>>

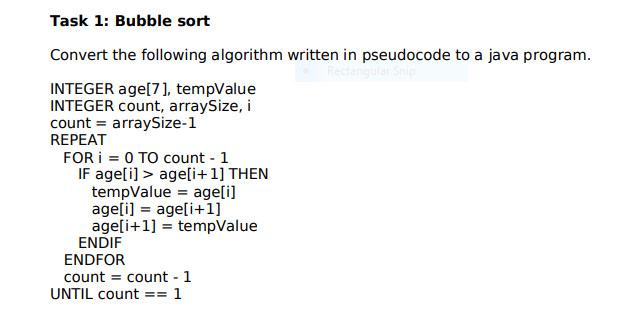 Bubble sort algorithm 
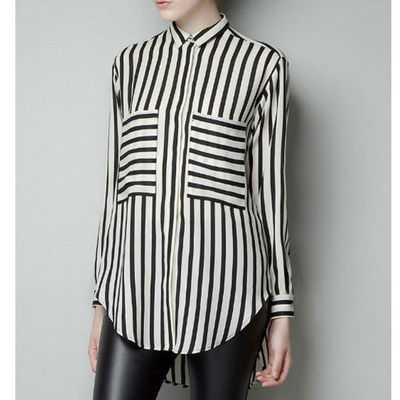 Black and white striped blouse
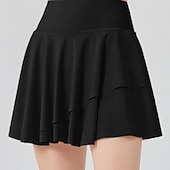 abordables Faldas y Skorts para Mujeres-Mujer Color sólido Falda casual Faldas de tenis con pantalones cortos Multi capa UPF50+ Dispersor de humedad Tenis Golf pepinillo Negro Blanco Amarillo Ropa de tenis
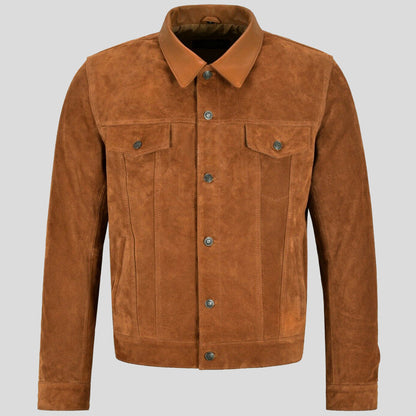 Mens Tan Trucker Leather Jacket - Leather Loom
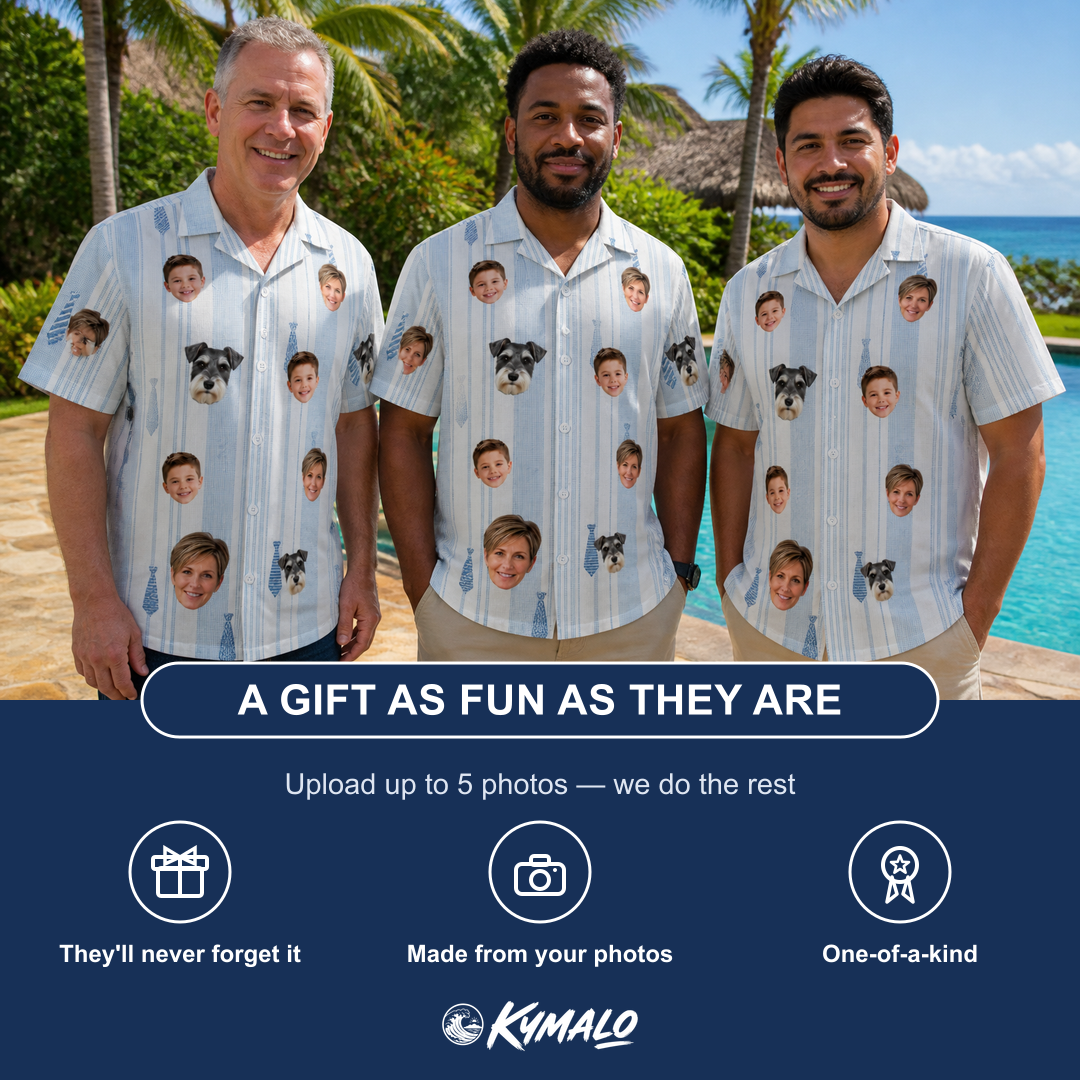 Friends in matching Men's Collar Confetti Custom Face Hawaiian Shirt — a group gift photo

<<

__PROBLEM DETAILS__. Only what runs from the line containing "Mens Tan Trucker" through the end of the entries above should be extracted, exactly and without pictures.

__TASK RESULT__.
 Mens Tan Trucker Leather Jacket - Leather Loom
 Friends in matching Men's Collar Confetti Custom Face Hawaiian Shirt — a group gift photo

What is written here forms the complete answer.